This function runs the cellpose segmentation algorithm on the provided image data. It extracts the image data from the spatialdata object, applies the cellpose algorithm, and adds the segmentation masks to the spatialdata object. The segmentation masks are stored in the labels attribute of the spatialdata object. The function also handles multiple channels by iterating over the channels and applying the segmentation algorithm to each channel separately.

Parameters:
  • sdata (spatialdata.SpatialData) – The spatialdata object containing the image data.

  • channel (Optional[str]) – The channel(s) to be used for segmentation. If None, all channels will be used.

  • image_key (str, optional) – The key for the image data in the spatialdata object. Defaults to image.

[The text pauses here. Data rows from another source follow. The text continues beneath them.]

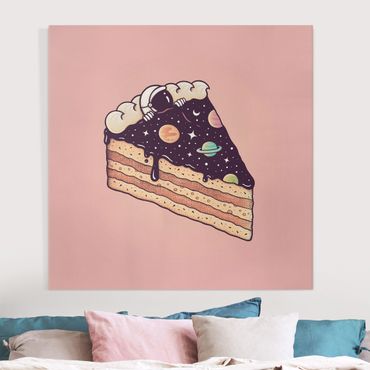 Leinwandbild - Kosmischer Kuchen - Quadrat 1:1
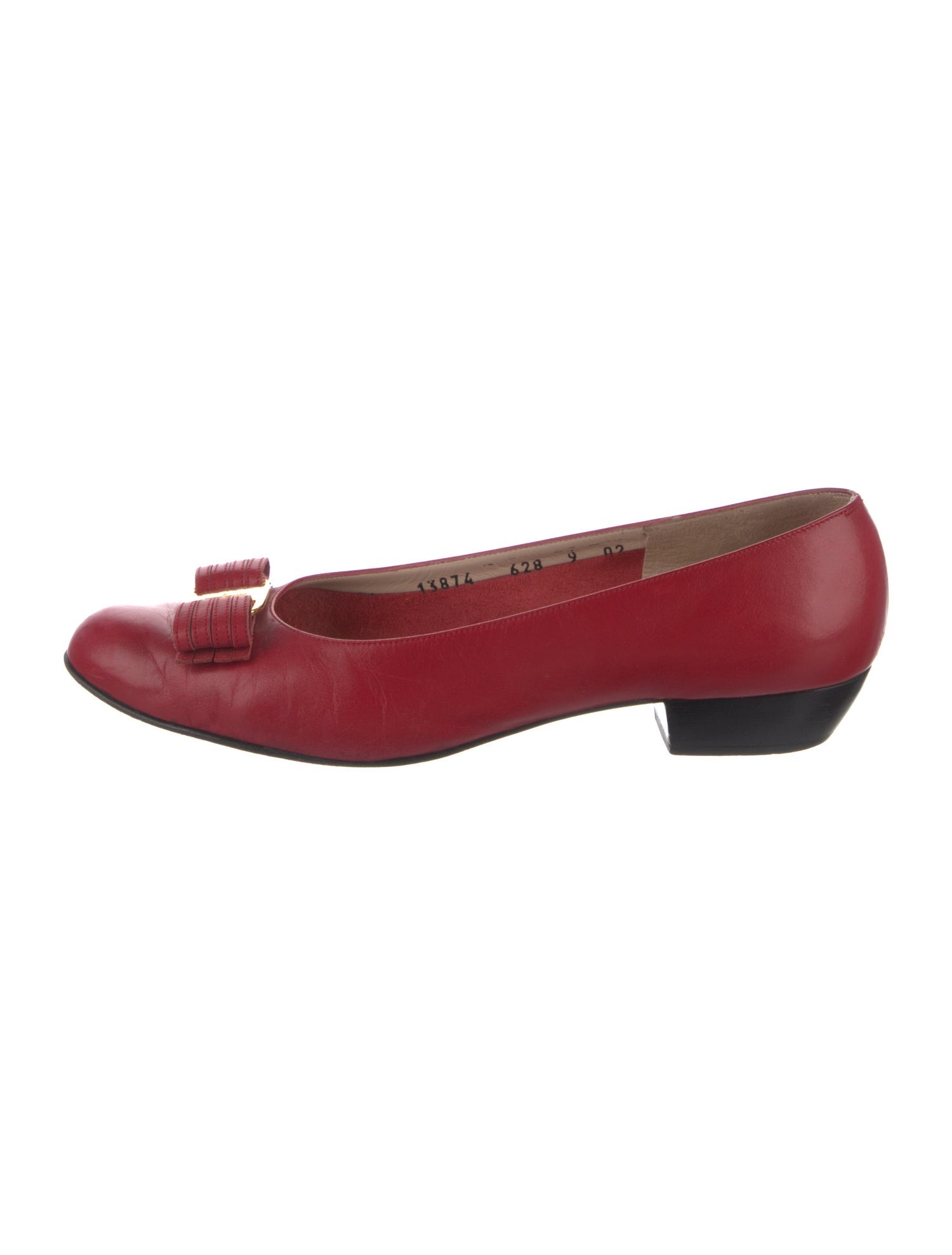 Salvatore Ferragamo Vara Bow Accent Leather Flats
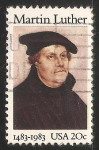 Stamps United States -  Martín Lutero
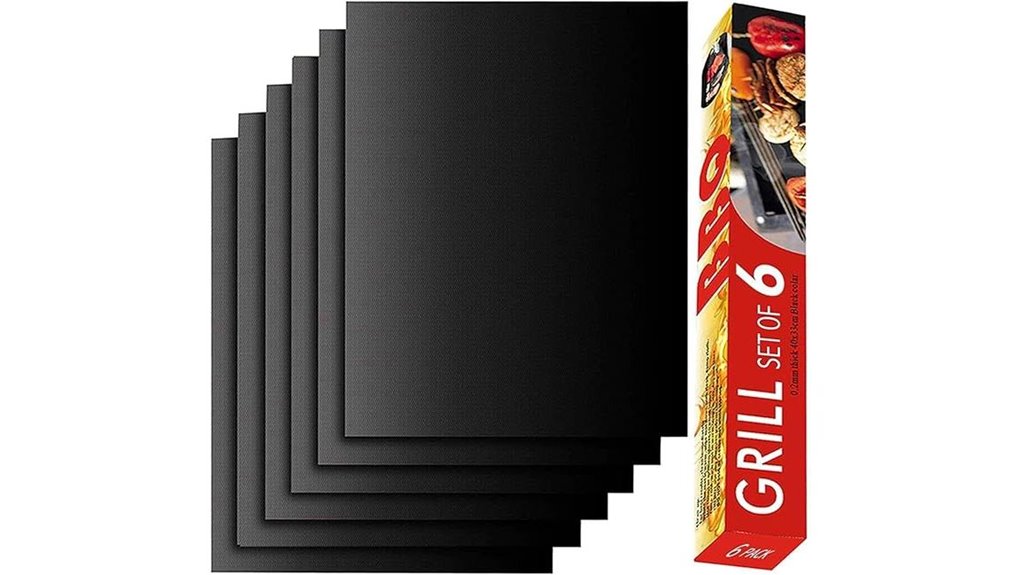 six pack non stick grill mats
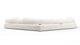 On the Rocks - On the Rocks - On the Rocks Sofa, U Shape, White Textured Chenille - Image 7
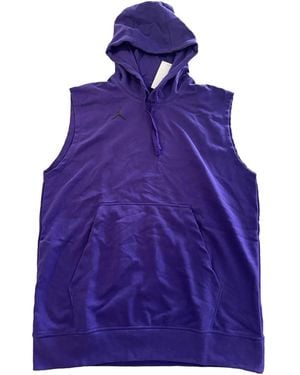 Nike Air Sleeveless Fleece French Terry Dri Fit Hoodie Dq7946 520" - Blue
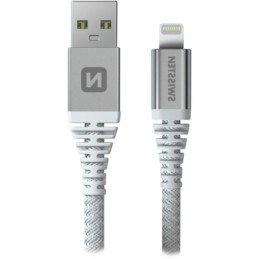 Swissten datový kabel kevlar usb / lightning 1,5 m bílý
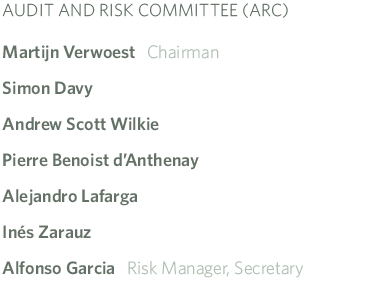 Audit and Risk Committee (ARC) MRG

  • key_added (str, optional) – The key under which the segmentation masks will be stored in the labels attribute of the spatialdata object. Defaults to segmentation.

  • data_key (Optional[str], optional) – The key for the image data in the spatialdata object. If None, the image_key will be used. Defaults to None.

  • copy (bool, optional) – Whether to create a copy of the spatialdata object. Defaults to False.

  • **kwargs – Additional keyword arguments to be passed to the cellpose algorithm.

spatialproteomics.tl.tool.mesmer(sdata, channel: str | None = None, image_key: str = 'image', key_added: str = 'segmentation', data_key: str | None = None, copy: bool = False, **kwargs)

This function runs the mesmer segmentation algorithm on the provided image data. It extracts the image data from the spatialdata object, applies the mesmer algorithm, and adds the segmentation masks to the spatialdata object. The segmentation masks are stored in the labels attribute of the spatialdata object. The first channel is assumed to be nuclear and the second one membraneous.

Parameters:
  • sdata (spatialdata.SpatialData) – The spatialdata object containing the image data.

  • channel (Optional[str]) – The channel(s) to be used for segmentation.

  • image_key (str, optional) – The key for the image data in the spatialdata object. Defaults to image.

  • key_added (str, optional) – The key under which the segmentation masks will be stored in the labels attribute of the spatialdata object. Defaults to segmentation.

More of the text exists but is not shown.